II
Los nombres eran únicos e irrepetibles y de allí que se utilizaran complicadas fórmulas para crearlos. Los nombres tradicionales habían dejado de utilizarse desde que la Gran Ordenanza había estipulado que para evitar errores de identificación, cada ser humano llevaría un apelativo que no podría heredarse ni emularse. Por ello, existían en la vastedad del mundo, un solo Denavares, una sola Matricia (derivado de una lejana antecesora llamada Patricia) y si llegaban los hijos, estos recibirían los nombres que les designara la computadora comunal o bien los que diseñaran los especialistas, quienes contaban con millones de nombres disponibles en su ordenador.
La vida era, más que nada, simple supervivencia, puesto que todos evitaban provocar a sus semejantes como una sensata medida para mantenerse a salvo. La palabra era un arma poderosa que bien podía destruir a una familia completa o bien, en algunos casos, transformarse en una especie de boomerang que acababa con el propalador.
Como ya se puede suponer, enormidad de pancartas con esta leyenda tapizaban la ciudad: “En esta sociedad sólo existe gente joven, sana, capacitada, prudente y honesta”. Esta misma honestidad era la que permitía que no se discutiera acusación alguna y que el imputado fuese enviado a las irónicamente llamadas salas demográficas.
Denavares, sin embargo, en lo más escondido de su mente, amaba a Ris45465, una hermosa chica que vivía a escasas cuadras de su casa.
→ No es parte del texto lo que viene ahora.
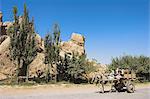 Sheep in the back of a horse-cart passing ancient walls of Balkh mostly built in the Timurid period, Balkh (Mother of Cities), Balkh province, Afghanistan, Asia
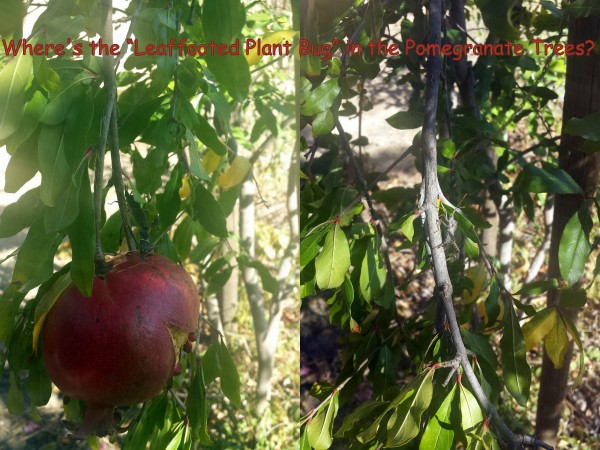 pomegranate_tree_bug_leaffooted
Era un amor soterrado, perverso, silenciado y mantenido oculto hasta para los latidos de su propio corazón. Temía incluso que, dormido, ese nombre amado se escapara de sus labios para llegar al oído alerta de Matricia. Por lo mismo, en sus ensoñaciones la nombraba con el nombre de su esposa para, de ese modo, engañar a su subconsciente...
(Continúa)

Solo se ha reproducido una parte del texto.